• [Task prompt]: Look through the entries below and copy exactly the part that begins with the line containing "ОЧЕНЬ МНОГО СУСЛИКОВ!" and ends with the line containing "PP_Starfish_03". Do not copy the pictures.

• [Provided information]:
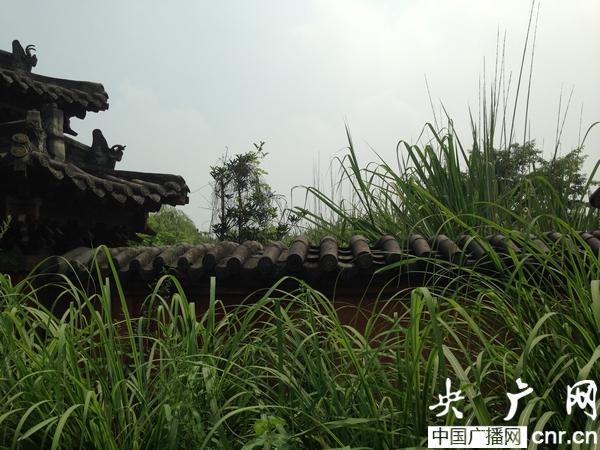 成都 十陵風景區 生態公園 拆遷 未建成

* * *

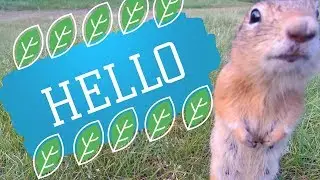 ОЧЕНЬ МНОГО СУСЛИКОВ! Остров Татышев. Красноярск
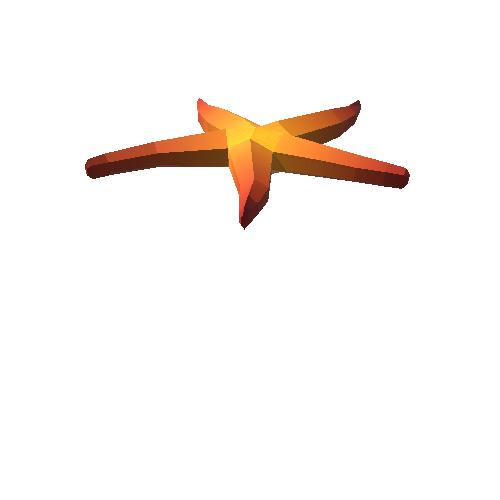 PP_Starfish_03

==

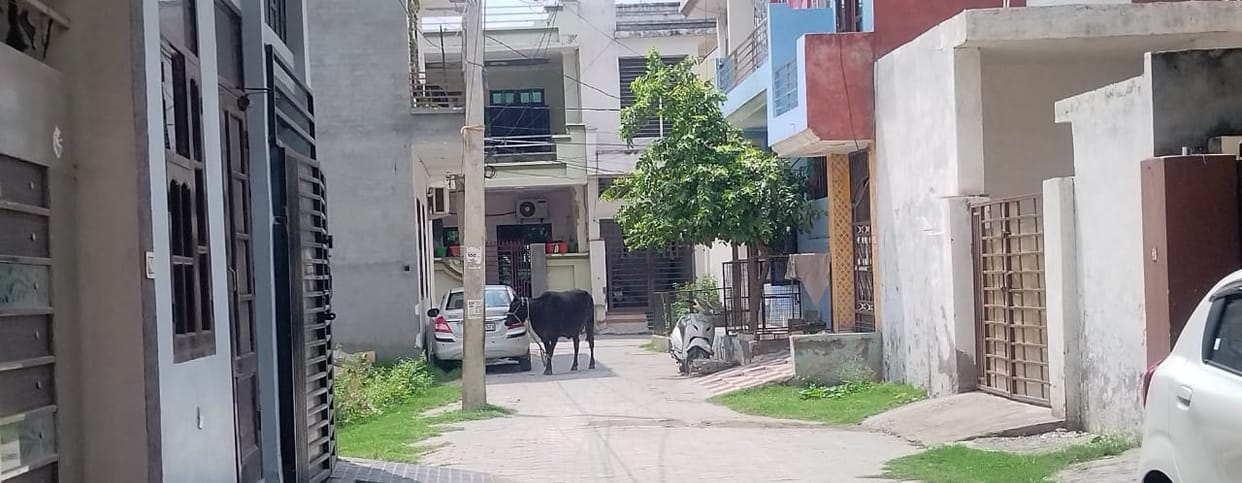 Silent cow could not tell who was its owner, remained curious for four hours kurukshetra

• [Answer to this exercise]:
 ОЧЕНЬ МНОГО СУСЛИКОВ! Остров Татышев. Красноярск
 PP_Starfish_03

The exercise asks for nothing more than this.